In three recent DC Comics series, Batman has revealed that he gets the final say in approving young heroes – no matter where they operate.
In order to be a hero in the DC Universe, Batman‘s approval is necessary. Known for being a mentor – and adopted father figure – to numerous orphaned youths, Batman has cemented his place in the Justice League. In three recent comics, the Caped Crusader has shown that he will provide opportunities for younger heroes – with caveats.
When it comes to preparing for trouble, Batman is leagues ahead of DC’s heroes, going so far as to plan against his own allies. Fans have long been familiar with his preparation for the possibility of Superman or other heroes turning to evil. The Dark Knight has contingency plans for everyone and he is constantly conducting threat assessments for missions – whether anyone knows it or not. And while he’s willing to give young heroes a shot, he’s going to keep a close eye on them and have plans in place should they mess up.
In the WebToon series Vixen: NYC, Batman is featured meeting with Vixen very briefly and keeping an eye on her progression as a new hero. The creative team (Jasmine Walls, Manou Azumi, Omar Vallejos, Hailey Stewart, Toby Fan, BBM, Micah Myers, Mickey, and Amani Kabwe) has shown that Mari – the titular heroine – is capable of being a heroine, but she is still being watched outside of Gotham. The same is true of Jaime Reyes, down in El Paso, in Blue Beetle: Graduation Day #1, which has the creative team of Josh Trujillo, Adrián Gutiérrez, Wil Quintana, Lucas Gattoni, Andrew Marino, and Katie Kubert.
Batman is the Mentor of the DC Universe, Not Just the Robins
With a threat that potentially connects to the Blue Beetle imminent, Batman has made preparations for the young hero to be out of the way. The issue features Superman meeting with Jaime on his graduation day to congratulate him – and dissuade him from doing any further hero work in the near future. However, this plan was not conceived by the Man of Steel. It was a request passed along from Batman, who is concerned that Jaime will be more of a liability than an ally. Given that Batman operates predominantly in Gotham, it is rather surprising that his oversight of the world’s youngest heroes surpasse the city limits – even going beyond Blüdhaven to some of the edges of the United States. The various Robins that make up the Bat-Family and other numerous sidekicks aren’t the only ones being regularly monitored by the iconic vigilante.
Although both of these series take place in potentially different universes, they both show the lengths that Batman is willing to go to when it comes to shaping the heroes of the future.
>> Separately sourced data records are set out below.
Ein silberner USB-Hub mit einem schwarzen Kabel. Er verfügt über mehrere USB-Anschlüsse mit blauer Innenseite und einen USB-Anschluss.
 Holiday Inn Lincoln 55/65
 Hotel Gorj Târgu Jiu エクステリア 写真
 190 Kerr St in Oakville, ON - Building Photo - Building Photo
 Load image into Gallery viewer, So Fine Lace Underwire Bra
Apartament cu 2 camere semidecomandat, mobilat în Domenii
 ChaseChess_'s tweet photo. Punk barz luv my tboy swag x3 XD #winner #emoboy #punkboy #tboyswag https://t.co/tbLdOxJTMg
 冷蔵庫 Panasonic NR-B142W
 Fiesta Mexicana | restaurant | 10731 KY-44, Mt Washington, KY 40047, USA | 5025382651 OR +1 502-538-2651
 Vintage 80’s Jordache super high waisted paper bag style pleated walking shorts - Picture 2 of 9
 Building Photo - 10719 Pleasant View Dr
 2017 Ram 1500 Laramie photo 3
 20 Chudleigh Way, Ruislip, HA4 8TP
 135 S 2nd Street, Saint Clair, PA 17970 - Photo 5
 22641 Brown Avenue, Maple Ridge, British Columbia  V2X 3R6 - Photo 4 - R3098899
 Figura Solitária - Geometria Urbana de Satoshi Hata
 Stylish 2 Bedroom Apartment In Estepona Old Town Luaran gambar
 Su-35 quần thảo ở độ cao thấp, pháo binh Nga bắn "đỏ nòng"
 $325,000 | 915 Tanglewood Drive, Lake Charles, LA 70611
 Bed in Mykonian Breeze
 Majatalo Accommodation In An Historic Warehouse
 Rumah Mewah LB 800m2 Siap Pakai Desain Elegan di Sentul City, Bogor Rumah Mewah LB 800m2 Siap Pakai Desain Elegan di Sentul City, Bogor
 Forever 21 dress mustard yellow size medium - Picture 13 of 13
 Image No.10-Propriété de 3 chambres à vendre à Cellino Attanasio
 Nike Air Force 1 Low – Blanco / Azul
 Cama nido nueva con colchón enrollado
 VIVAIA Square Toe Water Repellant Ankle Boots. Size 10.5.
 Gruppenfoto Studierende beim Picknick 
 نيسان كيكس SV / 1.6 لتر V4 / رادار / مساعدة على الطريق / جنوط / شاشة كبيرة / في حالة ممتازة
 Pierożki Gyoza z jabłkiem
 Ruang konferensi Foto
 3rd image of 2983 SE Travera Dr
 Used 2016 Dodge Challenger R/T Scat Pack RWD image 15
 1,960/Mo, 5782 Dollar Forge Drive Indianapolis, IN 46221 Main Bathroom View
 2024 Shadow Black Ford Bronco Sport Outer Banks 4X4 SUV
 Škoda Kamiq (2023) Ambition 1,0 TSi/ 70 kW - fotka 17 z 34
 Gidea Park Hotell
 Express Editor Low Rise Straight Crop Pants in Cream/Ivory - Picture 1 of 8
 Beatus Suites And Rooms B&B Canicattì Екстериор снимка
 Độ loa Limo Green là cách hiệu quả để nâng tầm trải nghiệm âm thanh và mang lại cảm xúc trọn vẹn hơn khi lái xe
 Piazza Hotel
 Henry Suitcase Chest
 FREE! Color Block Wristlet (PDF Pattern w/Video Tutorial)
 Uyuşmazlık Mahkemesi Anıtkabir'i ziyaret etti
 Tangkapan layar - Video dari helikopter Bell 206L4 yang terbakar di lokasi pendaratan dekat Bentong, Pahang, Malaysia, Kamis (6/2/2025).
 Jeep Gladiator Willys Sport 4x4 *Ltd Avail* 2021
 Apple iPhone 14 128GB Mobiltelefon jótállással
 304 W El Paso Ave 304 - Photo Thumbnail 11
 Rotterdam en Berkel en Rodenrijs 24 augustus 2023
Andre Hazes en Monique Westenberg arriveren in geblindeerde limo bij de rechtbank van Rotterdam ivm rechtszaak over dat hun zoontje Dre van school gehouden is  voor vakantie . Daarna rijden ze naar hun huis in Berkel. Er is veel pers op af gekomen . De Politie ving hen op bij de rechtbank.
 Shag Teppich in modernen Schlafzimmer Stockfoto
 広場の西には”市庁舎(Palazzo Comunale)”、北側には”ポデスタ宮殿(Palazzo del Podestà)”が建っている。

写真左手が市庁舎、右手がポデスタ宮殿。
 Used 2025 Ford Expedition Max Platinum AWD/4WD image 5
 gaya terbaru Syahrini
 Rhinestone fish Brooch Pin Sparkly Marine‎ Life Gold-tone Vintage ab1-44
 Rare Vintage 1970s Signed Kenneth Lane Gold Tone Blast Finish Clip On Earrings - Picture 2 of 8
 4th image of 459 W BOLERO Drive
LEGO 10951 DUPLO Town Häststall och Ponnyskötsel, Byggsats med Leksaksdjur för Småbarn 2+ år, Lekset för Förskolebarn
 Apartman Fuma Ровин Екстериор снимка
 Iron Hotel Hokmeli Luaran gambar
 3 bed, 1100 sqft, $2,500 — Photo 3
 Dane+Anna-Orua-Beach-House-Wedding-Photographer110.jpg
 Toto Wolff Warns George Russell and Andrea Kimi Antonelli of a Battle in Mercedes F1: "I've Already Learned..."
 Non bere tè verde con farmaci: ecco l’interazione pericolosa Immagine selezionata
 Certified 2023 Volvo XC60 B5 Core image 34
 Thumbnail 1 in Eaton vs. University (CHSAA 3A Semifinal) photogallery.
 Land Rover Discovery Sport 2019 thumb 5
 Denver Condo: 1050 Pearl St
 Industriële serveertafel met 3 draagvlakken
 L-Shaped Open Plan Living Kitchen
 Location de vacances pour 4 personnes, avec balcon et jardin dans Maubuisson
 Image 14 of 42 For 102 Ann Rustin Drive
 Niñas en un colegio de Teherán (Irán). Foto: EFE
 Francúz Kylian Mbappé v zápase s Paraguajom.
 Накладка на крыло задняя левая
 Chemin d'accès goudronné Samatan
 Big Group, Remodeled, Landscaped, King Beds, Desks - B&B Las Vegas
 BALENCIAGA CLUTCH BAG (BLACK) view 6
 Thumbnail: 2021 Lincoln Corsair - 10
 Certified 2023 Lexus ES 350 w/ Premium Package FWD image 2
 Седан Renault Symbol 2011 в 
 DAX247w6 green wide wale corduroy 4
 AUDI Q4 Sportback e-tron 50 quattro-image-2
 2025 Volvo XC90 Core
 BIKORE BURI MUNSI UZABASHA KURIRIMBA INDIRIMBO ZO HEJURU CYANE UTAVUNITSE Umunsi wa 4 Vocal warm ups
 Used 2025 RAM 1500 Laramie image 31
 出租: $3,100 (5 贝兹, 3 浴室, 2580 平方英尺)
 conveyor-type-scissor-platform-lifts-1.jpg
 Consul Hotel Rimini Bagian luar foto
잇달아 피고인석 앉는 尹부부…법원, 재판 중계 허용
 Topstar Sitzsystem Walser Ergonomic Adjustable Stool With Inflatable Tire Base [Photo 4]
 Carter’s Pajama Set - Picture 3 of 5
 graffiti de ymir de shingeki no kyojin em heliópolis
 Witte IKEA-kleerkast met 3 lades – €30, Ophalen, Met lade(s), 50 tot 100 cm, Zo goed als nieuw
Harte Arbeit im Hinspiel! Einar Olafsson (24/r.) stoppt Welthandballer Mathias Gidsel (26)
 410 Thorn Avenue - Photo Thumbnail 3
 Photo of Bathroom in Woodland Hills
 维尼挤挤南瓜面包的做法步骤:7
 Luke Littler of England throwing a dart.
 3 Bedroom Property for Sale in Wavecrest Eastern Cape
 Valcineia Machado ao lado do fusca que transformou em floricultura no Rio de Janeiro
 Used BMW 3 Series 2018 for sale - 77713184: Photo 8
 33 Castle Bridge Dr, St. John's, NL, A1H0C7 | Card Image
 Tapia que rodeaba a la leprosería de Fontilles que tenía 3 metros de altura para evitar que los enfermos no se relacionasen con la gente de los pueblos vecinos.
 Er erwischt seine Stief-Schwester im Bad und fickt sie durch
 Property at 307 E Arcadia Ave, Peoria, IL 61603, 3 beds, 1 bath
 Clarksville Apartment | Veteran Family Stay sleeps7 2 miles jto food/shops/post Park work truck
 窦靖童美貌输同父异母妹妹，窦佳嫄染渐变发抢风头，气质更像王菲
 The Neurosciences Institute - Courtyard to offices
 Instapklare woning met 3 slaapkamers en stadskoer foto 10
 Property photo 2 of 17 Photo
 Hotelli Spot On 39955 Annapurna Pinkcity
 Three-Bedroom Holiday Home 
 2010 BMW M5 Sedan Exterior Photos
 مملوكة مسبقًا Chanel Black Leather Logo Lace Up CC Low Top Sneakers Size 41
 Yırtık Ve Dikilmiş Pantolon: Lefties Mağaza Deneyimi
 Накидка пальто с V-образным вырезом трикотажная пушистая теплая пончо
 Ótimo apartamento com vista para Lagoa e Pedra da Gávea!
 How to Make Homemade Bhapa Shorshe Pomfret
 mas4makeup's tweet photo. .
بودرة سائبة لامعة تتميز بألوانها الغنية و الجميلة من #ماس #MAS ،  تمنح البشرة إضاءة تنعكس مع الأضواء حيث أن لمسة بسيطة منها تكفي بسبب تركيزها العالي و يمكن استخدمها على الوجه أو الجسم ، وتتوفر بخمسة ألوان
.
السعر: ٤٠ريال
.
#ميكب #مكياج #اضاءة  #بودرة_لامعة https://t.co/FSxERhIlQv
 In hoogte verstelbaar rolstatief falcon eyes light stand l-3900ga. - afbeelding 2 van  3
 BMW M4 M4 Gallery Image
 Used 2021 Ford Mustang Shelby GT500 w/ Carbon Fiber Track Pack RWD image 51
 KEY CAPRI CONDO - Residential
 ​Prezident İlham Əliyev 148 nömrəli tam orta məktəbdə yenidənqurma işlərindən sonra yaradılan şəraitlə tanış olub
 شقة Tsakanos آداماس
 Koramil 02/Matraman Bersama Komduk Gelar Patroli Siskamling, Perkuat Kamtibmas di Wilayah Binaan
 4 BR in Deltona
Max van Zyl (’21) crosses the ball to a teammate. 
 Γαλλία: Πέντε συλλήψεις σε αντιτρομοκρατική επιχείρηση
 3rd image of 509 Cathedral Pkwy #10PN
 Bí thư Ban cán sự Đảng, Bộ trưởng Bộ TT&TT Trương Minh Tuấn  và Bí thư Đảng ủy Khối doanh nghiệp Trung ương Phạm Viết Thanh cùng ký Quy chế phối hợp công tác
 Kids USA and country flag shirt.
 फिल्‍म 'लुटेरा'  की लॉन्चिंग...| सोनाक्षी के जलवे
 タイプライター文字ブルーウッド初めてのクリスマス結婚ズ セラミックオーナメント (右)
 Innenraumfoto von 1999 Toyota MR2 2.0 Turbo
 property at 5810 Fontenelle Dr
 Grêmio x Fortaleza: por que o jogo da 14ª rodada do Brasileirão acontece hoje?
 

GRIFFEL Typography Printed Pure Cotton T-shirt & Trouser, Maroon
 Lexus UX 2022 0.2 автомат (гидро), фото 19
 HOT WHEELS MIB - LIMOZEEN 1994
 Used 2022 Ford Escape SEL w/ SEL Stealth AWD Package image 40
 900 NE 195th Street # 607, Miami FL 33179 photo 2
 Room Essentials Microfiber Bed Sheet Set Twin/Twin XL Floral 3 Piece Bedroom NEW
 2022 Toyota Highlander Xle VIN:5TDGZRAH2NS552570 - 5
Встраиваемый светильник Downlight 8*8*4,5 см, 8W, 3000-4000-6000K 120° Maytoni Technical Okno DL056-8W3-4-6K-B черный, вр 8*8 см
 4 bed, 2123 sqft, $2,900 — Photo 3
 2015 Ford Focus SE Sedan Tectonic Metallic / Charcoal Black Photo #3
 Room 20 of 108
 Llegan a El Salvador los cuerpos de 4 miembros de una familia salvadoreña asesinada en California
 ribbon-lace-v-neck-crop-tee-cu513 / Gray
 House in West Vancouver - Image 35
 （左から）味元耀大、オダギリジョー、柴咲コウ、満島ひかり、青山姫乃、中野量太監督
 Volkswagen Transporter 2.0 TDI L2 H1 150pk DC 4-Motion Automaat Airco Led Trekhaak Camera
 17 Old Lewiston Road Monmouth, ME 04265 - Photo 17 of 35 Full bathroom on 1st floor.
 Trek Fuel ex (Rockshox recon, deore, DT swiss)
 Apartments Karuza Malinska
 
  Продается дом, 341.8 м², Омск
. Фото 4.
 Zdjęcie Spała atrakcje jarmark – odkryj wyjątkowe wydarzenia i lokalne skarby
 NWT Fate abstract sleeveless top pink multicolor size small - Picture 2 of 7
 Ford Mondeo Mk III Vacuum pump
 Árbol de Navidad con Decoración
He already has his hands full with Gotham’s criminals and omniversal threats. After all, in the WebToon series, Red Hood: Outlaws, from Patrick R. Young, Nico Bascuñán, Javier Rodríguez Véjares, Sebastián Franchini, and Lorenzo di Santo, the Justice League is needed off-world. This series shows that Batman is willing to test the next generation of heroes and trust the fate of the planet to them, when Jason Todd and his current team are left to monitor the Watchtower in their stead. Yet this trust does not come easily and should failure occur, he likely has additional punishments prepared – as well as immense disapproval.
Across each of these stories, Batman has his eyes on each of these developing heroes, no matter how far away they are from one another and from his base of operations within Gotham. To be a hero in the DC Universe, it seems likely that Batman has to give his approval, and even that isn’t enough to maintain his trust and avoid back-up destruction plans.